WURDEN NICHT EINGEBUNDEN. Zwei Anrainer, Martin Rief und Peter Zotz, verstehen zum einen nicht, dass man ein kaum nachhaltiges Projekt einfach durchwinkt, zum anderen nicht, dass man nicht wissen darf, wer der Investor ist, der für die Finanzierung geradesteht. „Wo jetzt dieser Parkplatz entsteht, befinden sich drei Hotels, die ihren Gästen Ruhe verkaufen. Es ist paradox, dass ausgerechnet dort jetzt ein Großparkplatz errichtet wird .  Man hat die Bevölkerung einfach übergangen, in die Entscheidung nicht eingebunden“, ärgert sich Martin Rief im Gespräch mit der RUNDSCHAU. Das bekräftigt auch Peter Zotz: „Als Gemeindebürger hat man das Recht, informiert zu werden und zu wissen, wer der Investor ist. Nachhaltigkeit und Transparenz werden immer eingefordert. Beides wurde hier ignoriert“. Es sei richtig, dass es im vergangenen sehr schönen  Sommer 2022 eine lange Badesaison mit vielen Besuchern gegeben habe. Und, dass an vielen starken Tagen auch Parkchaos in Haller geherrscht habe. „Man kann aber so einen Ausnahmesommer nicht als Maßstab heranziehen. In normalen Sommern dauert die Badesaison bei uns 14 Tage. Im Winter ist der Parkplatz am Haldensee leer“. Peter Zotz nimmt die Gemeinderäte in die Pflicht. Sie hätten eine optimale Lösung für die Zukunft suchen müssen. „Man sollte doch auf 20 bis 30 Jahre vorausdenken und nicht nach den Erfahrungen eines Ausnahmesommers eine schnelle Lösung durchboxen“. Sollte die bereits 2011 in Aussicht gestellte Umfahrung Haller irgendwann doch kommen, würde man mit dem Parkplatz Lärm und Gestank weiter in den Ort holen. „Ein wirklicher Unsinn. Aus anderen Orten werden Lärm und Gestank verbannt, bei uns holt ma beides rein.“ Haller werde sich touristisch in den nächsten Jahren weiterentwickeln, ist sich Peter Zotz sicher. „Aber was hier geschieht ist nicht im Sinne eines nachhaltigen und mit der Landwirtschaft im Einklang befindlichen Tourismus“, bedauert er. Für Bgm. Mark indes ist es unsinnig, den Parkplatz abzuwinken, für etwas, das eventuell irgendwann in der Zukunft geschehen wird. „Das Parkchaos ist ein aktuellen Problem, das es jetzt zu lösen gilt. Wir können nicht auf Jahre vorausschauen, wissen heute nicht, wann wir die gewünschte Umfahrung bekommen. Den Parkplatz brauchen wir jetzt, darum wird er gebaut“, schließt Bgm. Mark ab.

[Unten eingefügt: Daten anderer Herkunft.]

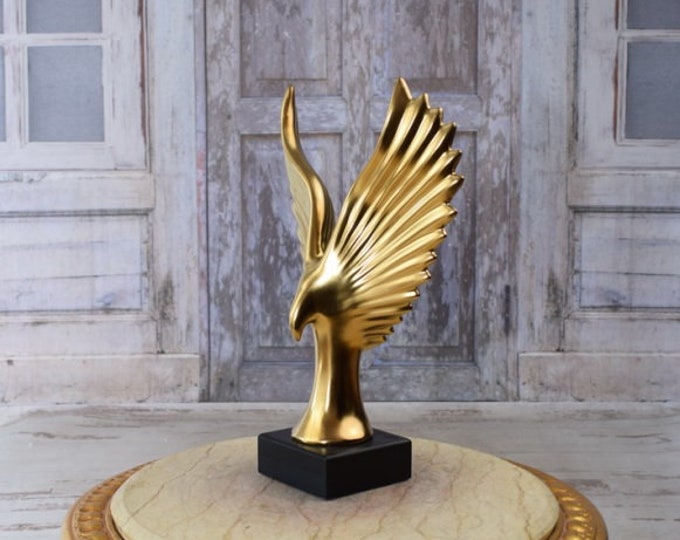 Elegant Gold Flying Pigeon Sculpture - Peaceful Bird Statue - Wonderful Home Decor - Unique Gift for Wedding - Exclusive Trophy Award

RECHT ALS GEMEINDEBÜRGER. Das Projekt ist durch. Wirtschaftlich würde sich das aber nicht rechnen, sind sich Martin Rief und Peter Zotz einig. Für die Finanzierung des Großparkplatzes (Kostenpunkt ca. 450.000 Euro), die Nesselwängle allein nicht hätte tragen können, fand man einen Investor – den Namen wollte Bgm. Mark der RUNDSCHAU  nicht bekanntgeben. Der Beschluss für die Kooperation wurde in einer nicht öffentlichen Sitzung einstimmig gefasst. Unverständlich für Martin Rief und Peter Zotz.  „Als Gemeindebürger habe ich das Recht, zu wissen, wer dahinter steckt“, sagen beide unisono. Beiden ist klar, dass ein Parkplatz notwendig ist. „Allein schon, um behinderten Personen und Familien mit Kindern, den Weg zum See zu ermöglichen“, räumt Peter Zotz ein, „aber nicht in dieser Dimension“. Die war ursprünglich mit 320 Stellplätzen ganz anders geplant gewesen. „120 sind aber immer noch zu viel“.

FREI NUTZEN MIT JAHRESKARTE. Dass es 2023 eine einheitliche Parkbewirtschaftungslösung für das Tannheimer Tal – von Nesselwängle bis Schattwald – geben wird, wertet Bgm. Mark als Meilenstein. Für ca. 30 Euro kann jeder, der seinen Hauptwohnsitz im Tannheimer Tal gemeldet hat, eine Jahreskarte kaufen und damit ohne weitere Kosten sämtliche Liftparkplätze und den neuen Seeparkplatz nutzen. Der Pakrplatz auf der anderen Seite des Haldensees, der von der Agrargemeinschaft Haldensee betrieben wird, ist in diesem Pool nicht mit dabei. Ob das Tannheimer Tal bei einer für den gesamten Bezirk Reutte gemeinsamen und einheitlichen Parkraumbewirtschaftung mit dabei sein wird, ist noch in der Schwebe. „Wir sind froh, dass wir für 2023 ein gemeinsames Konzept für das Tal gefunden haben“, sagt Hubert Mark dazu.